Additionally, the law provides, “$500 million to provide access to nutritious foods to low-income pregnant women or mothers with young children who lose their jobs or are laid off due to the COVID-19 emergency.” This extra effort is very important in order to support American women and children at this time. Moreover, according to the government sources the law also establishes a federal emergency paid leave benefits program. Additionally, the law also aims to expand unemployment benefits and provide grants to states for processing and paying claims, requires employers to provide paid sick leave to employees, establishes requirements for providing coronavirus diagnostic testing at no cost to consumers, and to temporarily increase the Medicaid federal medical assistance percentage (FMAP).

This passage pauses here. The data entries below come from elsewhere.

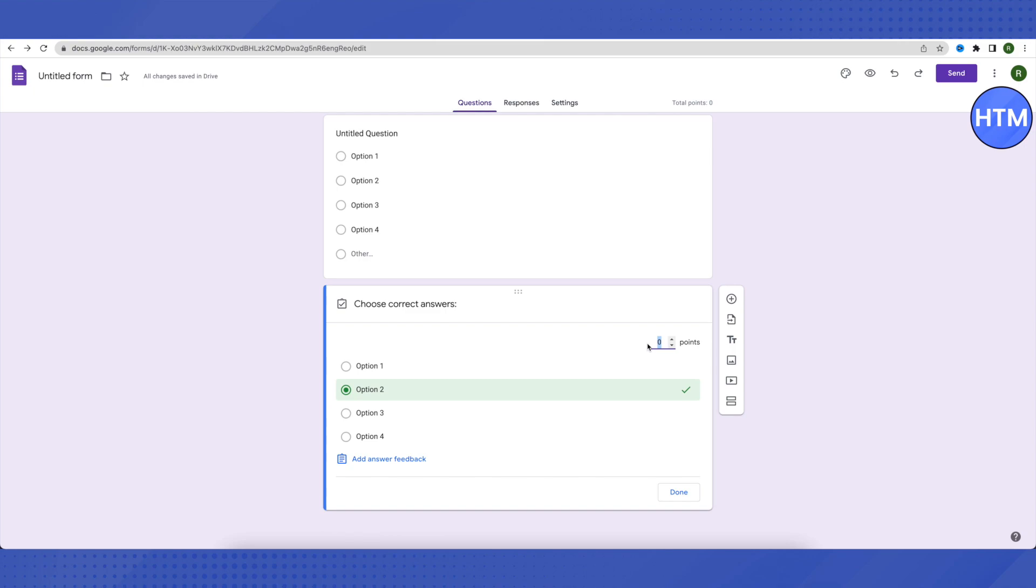You can also add an explanation to a particular question explaining why a particular answer is right and others are wrong. After that, click done. This way you can create multiple choice questions on Google Forms.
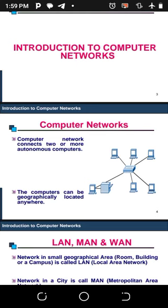Good afternoon everyone. For this session we're going to be looking at an introduction to computer networking, and we'll also look at some components that are found in computer networking. To start with, we'll begin by understanding what a computer network is.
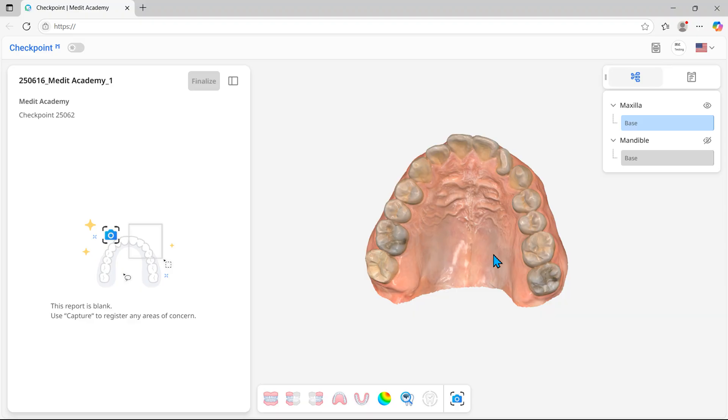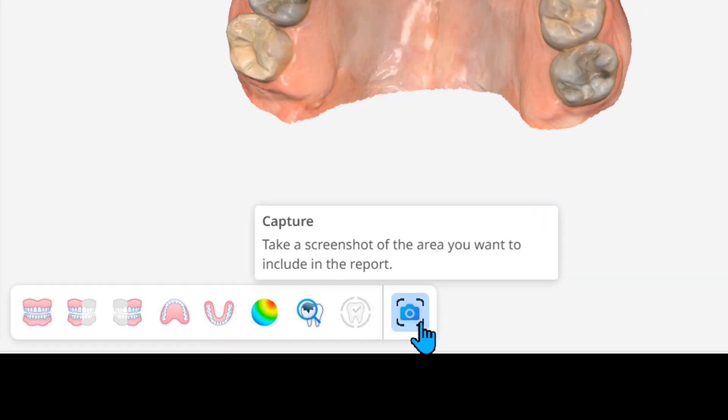Now, let's create a dental report. Capture the areas of concern on the scan.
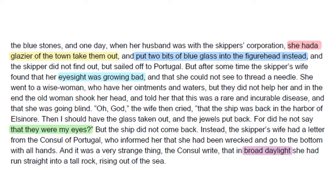After some time the skipper's wife found that her eyesight was growing bad and that she could not see to thread a needle. She went to a wise woman who gave her ointments and waters, but they didn't help her. In the end the old woman shook her head and told her that this was a rare and incurable disease, and that she was going blind.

This pandemic has been unprecedented in our nation’s history. U.S. legislators have scrambled to address the COVID crisis and mitigate the damage to both the health of the public and the economy. The Families First Coronavirus Response Act assists multiple facets of life affected by the virus by providing paid sick leave and free coronavirus testing, expanding food assistance and unemployment benefits, and requiring employers to provide additional protections for health care workers. The law does a good job of solving the collective action problem surrounding this. Additionally, it will directly assist the hospitals from becoming over capacitated. Ensuring that infected citizens aren’t compromised or pressured to go to work is a critical component of defeating the spread of this virus.
Diana Alexandra Martinez anticipates graduating from Boston University School of Law in May 2021.